I will respond as follows...the first barrel swap I did was a 308 that I swapped to a 260Rem, bought the head space gauges which were in common. Once I realized what Head Space was all about, as a result of that build, I never bought another set of head space gauges. Head Space is a chamber setting that insures a standard cartridge will fit in it. It doesn't matter how that is done, just so we get it right. The way I get it right, I take a case out of the box of cases that I am going to reload, set the head space to it with the nut hand tight, then see if the rest of the box of cases will cycle through the chamber. If I find one that is more snug than the rest, I reset the head space to that one, and make it permanent. Then I load that batch of cases with the intent of the first firing to be fireformig, although I do shoot for groups to gain all the information I can from that batch. People pay extra money to get tight chambers. Once I fire a case in a chamber, "I have a tight chamber"! From then on I neck size only until my cases will no longer chamber. So far that has averaged out to be about 10 reloads. I can understand bumping shoulders with gas guns, but not bolt guns. After shooting, the first thing I do before packing up is make sure all my fired brass will cycle through my chamber, then I know I am good to go with neck sizing.

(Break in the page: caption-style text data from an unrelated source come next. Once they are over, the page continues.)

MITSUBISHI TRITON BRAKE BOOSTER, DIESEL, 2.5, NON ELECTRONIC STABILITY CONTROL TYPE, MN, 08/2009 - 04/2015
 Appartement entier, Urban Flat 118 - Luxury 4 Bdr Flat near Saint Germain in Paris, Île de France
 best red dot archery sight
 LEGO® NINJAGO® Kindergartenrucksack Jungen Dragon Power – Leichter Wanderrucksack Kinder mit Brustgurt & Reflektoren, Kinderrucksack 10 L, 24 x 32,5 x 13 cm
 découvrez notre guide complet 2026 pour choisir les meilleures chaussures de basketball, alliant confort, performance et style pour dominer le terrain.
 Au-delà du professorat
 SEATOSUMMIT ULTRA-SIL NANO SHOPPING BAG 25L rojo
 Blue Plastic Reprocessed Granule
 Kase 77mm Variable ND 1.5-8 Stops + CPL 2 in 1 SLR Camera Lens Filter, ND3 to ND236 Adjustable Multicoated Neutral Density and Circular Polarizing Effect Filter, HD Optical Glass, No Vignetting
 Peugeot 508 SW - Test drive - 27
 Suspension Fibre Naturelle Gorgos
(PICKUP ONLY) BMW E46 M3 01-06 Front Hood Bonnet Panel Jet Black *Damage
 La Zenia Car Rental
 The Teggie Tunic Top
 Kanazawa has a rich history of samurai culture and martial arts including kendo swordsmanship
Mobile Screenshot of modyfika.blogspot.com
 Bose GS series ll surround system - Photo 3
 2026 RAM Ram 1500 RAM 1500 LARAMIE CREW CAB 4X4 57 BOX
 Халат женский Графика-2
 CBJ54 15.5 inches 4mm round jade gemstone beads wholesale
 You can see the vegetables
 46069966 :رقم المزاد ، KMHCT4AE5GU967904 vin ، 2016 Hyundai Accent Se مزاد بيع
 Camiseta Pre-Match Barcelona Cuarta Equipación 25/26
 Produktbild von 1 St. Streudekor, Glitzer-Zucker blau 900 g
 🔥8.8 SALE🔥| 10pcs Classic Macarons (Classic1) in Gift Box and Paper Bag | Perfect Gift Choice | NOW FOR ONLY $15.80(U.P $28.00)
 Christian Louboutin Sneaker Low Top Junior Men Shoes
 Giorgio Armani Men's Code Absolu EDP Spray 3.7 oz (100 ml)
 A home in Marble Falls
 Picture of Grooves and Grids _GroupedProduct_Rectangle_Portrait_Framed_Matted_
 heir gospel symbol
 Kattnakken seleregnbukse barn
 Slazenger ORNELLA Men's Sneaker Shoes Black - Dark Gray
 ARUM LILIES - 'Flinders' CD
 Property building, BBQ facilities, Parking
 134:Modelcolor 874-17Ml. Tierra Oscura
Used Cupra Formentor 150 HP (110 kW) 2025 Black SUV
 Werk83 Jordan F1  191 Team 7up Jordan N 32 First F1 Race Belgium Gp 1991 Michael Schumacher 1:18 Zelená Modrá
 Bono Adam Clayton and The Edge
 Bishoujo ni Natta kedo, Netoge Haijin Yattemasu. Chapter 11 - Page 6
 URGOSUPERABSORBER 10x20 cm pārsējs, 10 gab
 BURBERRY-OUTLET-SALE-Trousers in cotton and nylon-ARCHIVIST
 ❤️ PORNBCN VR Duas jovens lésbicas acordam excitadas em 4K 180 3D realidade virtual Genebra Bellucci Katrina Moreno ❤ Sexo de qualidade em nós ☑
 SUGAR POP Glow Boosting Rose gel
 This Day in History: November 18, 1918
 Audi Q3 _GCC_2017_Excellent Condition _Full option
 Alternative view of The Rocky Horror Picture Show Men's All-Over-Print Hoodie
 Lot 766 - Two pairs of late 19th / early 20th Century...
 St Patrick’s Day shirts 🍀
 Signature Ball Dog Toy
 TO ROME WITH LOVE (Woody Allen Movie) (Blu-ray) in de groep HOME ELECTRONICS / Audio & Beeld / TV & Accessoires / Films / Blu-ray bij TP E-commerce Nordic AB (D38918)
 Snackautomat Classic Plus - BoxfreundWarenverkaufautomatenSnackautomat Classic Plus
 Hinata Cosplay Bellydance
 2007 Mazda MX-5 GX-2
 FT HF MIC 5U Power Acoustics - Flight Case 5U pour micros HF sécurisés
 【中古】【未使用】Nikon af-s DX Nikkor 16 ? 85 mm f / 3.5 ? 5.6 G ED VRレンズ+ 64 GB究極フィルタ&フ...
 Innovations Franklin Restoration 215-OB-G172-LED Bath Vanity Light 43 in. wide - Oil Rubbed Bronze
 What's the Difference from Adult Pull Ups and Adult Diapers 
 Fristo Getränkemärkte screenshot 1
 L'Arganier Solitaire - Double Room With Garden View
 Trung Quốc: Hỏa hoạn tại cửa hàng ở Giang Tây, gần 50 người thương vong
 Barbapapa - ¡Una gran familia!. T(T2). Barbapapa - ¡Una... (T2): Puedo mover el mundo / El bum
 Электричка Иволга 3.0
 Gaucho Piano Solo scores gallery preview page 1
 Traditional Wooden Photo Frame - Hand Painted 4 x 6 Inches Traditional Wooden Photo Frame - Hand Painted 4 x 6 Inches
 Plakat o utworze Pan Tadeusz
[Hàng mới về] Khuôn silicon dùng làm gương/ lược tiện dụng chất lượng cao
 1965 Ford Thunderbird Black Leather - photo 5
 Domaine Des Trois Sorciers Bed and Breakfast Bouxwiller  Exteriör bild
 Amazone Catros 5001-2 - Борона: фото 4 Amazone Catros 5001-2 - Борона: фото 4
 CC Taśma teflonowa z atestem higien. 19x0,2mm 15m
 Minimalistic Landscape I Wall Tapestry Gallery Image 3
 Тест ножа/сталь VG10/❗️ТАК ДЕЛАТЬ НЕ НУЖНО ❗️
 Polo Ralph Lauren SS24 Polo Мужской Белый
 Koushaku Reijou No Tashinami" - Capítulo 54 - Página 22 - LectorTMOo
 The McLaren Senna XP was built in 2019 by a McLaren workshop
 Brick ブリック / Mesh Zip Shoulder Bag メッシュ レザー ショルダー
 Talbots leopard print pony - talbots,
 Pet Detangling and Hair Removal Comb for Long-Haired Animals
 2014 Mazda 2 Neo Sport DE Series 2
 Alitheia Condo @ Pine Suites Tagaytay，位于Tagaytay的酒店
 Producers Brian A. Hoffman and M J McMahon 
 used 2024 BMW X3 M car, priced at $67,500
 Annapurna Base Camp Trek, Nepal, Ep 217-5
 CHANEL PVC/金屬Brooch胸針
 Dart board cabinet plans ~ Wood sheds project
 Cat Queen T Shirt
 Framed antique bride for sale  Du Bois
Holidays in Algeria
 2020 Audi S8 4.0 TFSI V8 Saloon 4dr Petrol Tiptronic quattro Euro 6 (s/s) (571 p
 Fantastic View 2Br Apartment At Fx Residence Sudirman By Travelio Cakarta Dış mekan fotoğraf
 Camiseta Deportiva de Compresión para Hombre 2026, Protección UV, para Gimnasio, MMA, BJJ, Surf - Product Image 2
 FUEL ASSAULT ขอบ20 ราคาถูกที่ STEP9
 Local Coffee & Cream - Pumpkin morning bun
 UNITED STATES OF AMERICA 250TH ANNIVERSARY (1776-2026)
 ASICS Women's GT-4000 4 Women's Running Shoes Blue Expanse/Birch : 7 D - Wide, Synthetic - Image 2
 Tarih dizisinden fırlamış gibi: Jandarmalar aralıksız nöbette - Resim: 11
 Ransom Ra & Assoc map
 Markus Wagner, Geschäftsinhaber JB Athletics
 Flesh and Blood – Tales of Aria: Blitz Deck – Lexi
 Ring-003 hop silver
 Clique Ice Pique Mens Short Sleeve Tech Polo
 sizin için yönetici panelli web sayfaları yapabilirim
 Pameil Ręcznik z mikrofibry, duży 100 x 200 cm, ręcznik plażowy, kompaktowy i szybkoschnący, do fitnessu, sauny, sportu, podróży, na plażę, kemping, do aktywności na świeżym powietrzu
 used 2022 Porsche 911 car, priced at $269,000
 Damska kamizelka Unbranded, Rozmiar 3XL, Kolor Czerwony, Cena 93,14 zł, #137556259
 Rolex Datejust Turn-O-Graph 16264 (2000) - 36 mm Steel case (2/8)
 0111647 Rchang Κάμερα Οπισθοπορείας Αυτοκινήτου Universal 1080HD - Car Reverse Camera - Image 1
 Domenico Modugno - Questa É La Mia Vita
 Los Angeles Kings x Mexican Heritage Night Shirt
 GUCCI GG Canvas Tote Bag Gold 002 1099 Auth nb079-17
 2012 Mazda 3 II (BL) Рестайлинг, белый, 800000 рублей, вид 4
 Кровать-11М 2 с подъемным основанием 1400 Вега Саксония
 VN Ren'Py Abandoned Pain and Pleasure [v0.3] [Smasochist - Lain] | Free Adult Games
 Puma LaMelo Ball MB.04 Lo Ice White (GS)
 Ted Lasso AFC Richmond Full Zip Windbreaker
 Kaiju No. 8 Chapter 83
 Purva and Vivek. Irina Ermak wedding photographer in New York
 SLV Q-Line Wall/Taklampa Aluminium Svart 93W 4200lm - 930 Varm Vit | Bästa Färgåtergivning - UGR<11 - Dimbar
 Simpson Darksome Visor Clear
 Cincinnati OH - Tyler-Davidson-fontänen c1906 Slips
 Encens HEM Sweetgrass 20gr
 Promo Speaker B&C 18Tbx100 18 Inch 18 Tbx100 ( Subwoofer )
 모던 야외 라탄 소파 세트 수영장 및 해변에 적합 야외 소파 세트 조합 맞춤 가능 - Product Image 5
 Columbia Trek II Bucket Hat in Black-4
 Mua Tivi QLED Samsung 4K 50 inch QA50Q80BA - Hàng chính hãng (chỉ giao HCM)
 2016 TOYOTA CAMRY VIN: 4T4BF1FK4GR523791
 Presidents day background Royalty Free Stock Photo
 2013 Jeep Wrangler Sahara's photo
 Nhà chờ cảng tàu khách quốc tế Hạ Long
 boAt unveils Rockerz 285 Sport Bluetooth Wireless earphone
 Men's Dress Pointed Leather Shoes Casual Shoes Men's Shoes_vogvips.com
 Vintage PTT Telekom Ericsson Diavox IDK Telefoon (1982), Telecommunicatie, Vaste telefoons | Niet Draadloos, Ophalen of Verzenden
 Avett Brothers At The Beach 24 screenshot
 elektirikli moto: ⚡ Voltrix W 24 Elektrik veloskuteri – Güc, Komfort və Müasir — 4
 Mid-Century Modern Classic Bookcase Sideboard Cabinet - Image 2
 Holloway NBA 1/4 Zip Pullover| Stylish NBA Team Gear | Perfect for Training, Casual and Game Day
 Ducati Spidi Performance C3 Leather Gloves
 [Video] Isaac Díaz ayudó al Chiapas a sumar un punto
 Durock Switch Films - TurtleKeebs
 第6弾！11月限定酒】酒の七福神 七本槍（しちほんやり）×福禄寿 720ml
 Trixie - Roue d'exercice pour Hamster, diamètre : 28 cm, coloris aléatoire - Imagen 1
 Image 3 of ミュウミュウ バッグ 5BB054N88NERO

I don't see any advantage to using a fire formed case to set the head space, and you could end up with a "wildcat" chamber in which a factory load could fail to fire?
There has been so much written about head space, bumping, measuring, special tools, etc., that confusion abounds. It is not that complicated, especially with bolt rifles.
This is how I do it, and I hope I didn't "rant" too far off the questions being asked...Jim :-)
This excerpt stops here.